Fri Jan 24 07:23:24 EST 2020

Pipeliner: dataflow vs. state machine

So it seems quite obvious.  Pipelining is simple: take a data flow
graph and start adding delays.  It's probably best to formulate it as
a problem that can be solved using a SMT solver.

There is one caveat: feedback.

So for state machines it is really not all that obvious.

It might be good to implement a simple machine like that and see how
it goes.  E.g. a pipelined counter, where the adder is pipelined.

The ground rule is: a pipelined state machine will have a slower state

It also seems that utilization will be low if functional units do not
share a datapath.

Conclusion: pipelined state machines need a programmable datapath.

To re-iterate: this is an important insight.  Easy to see when two
regimes are put next to each other:

- Feed-forward dataflow can be pipelined without consequences: all
  function segments are utilized at max rate, providing throughput,
  but at the expense of some I/O delay which is often not an issue.

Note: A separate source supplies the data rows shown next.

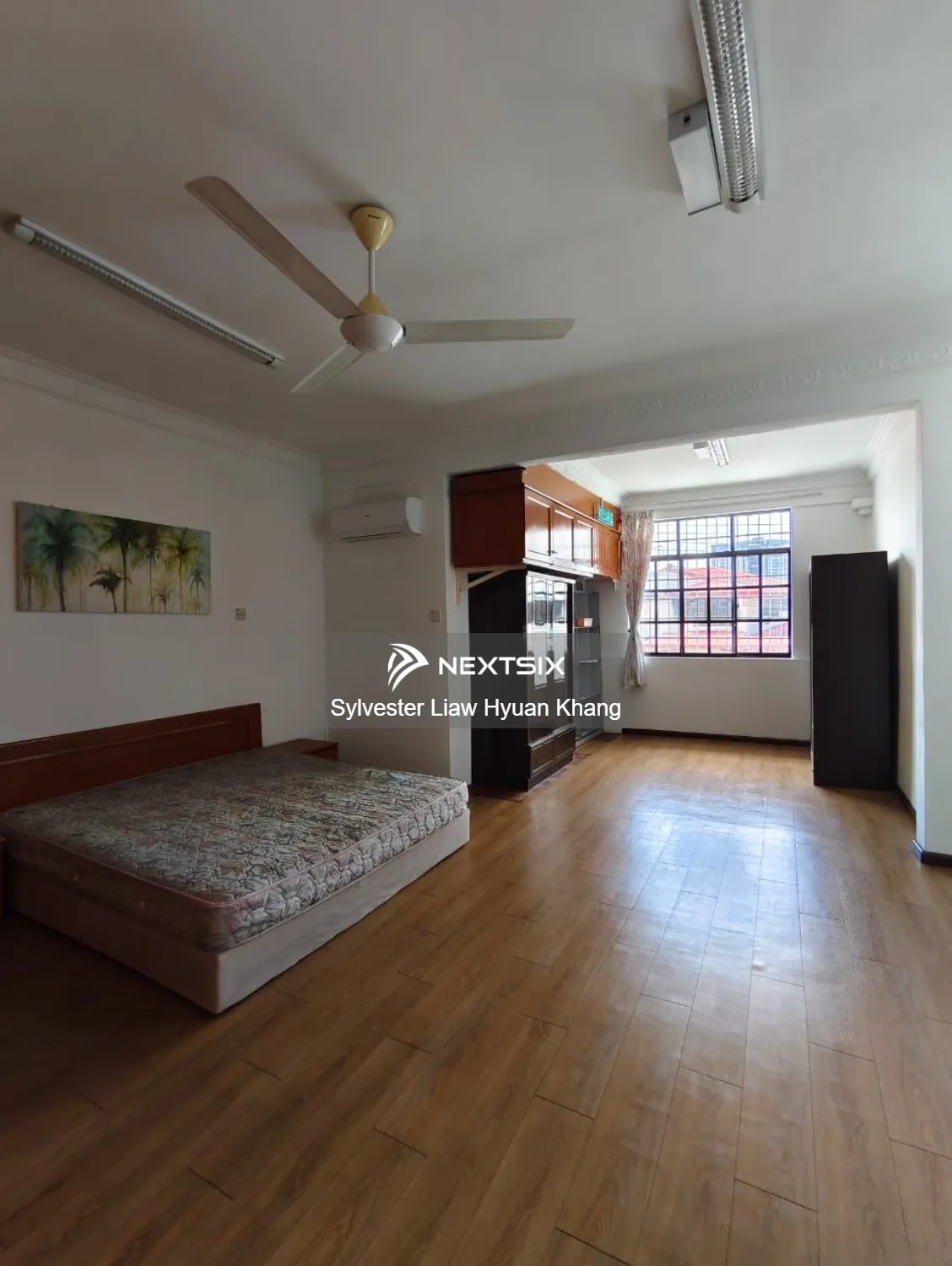 Semi-detached House For Sale in Kota Kinabalu Sabah - Image 20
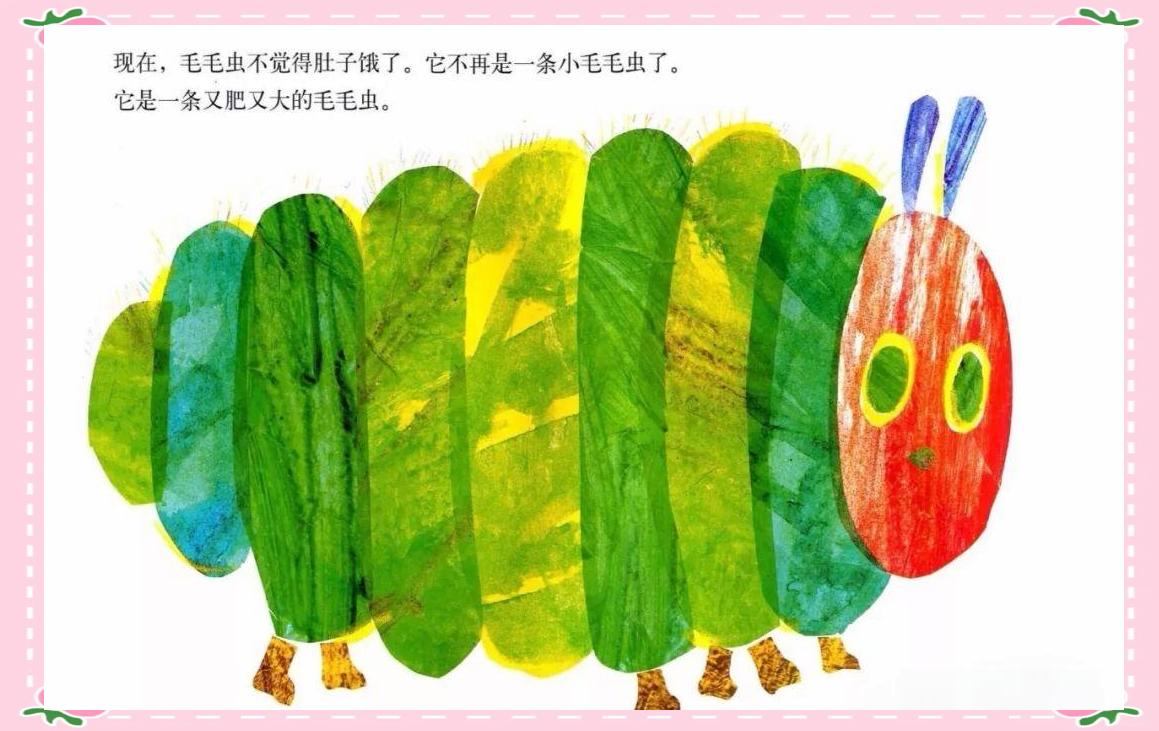毛毛虫13.png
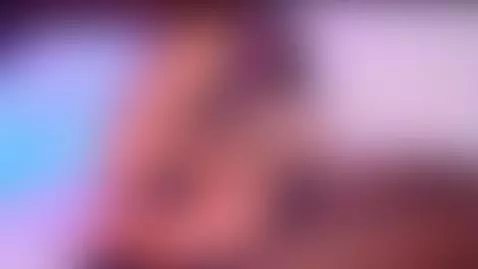 Mercilessly fuck my tight juicy ass 💦 by xiaphoenix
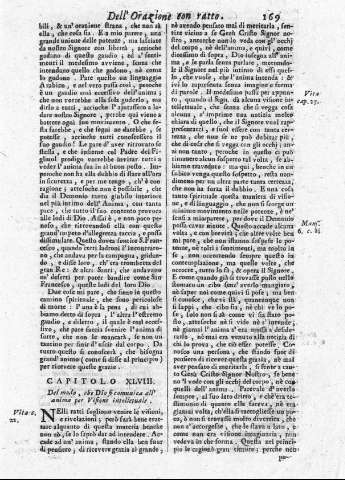 169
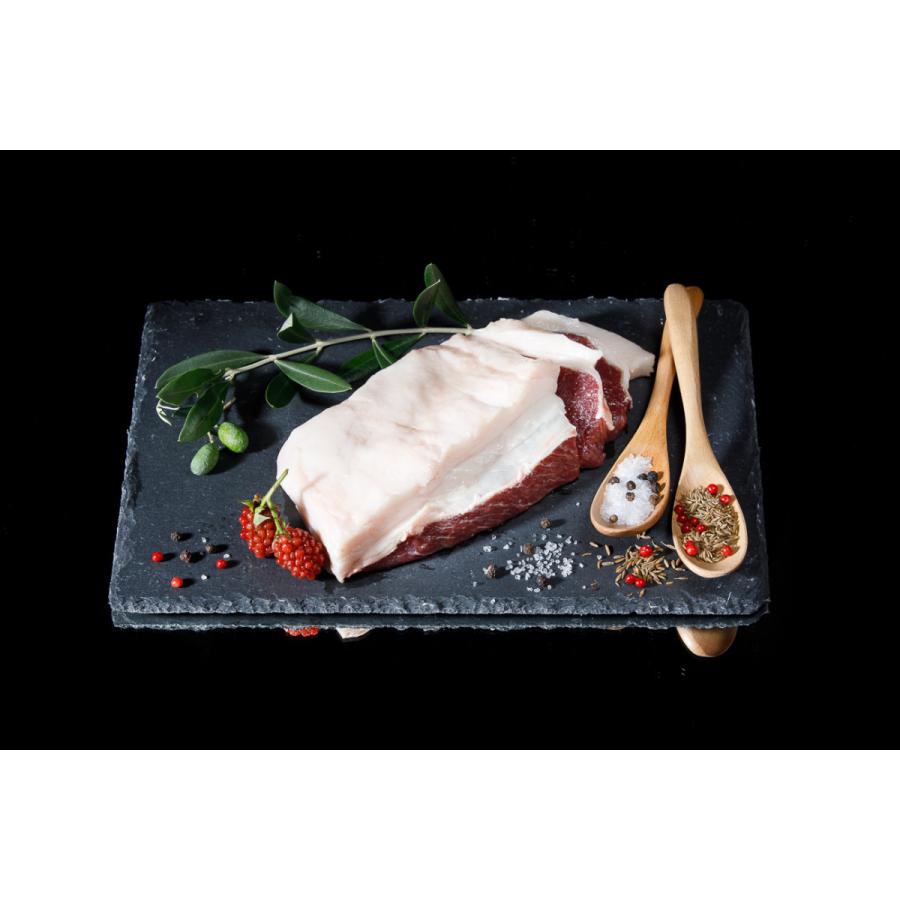 イノシシ肉 背ロースブロック 1 180g Inoshishiloinb1180g Yamaguchi Gibier 通販 Yahoo ショッピング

- If such a functional network is used as the update function of a
  state machine, the delay is very significiant: for an N-stage
  pipeline, the utilization is only 1/N.  In this case it is probably
  more effective to collapse the different pipeline stages into one
  programmable datapath.  The total machine's update rate will still
  be N times slower, but silicon usage might be better due to reuse.

A CPU is the natural end stage of a pipelined state machine, where we
create a programmable datapath that is universal.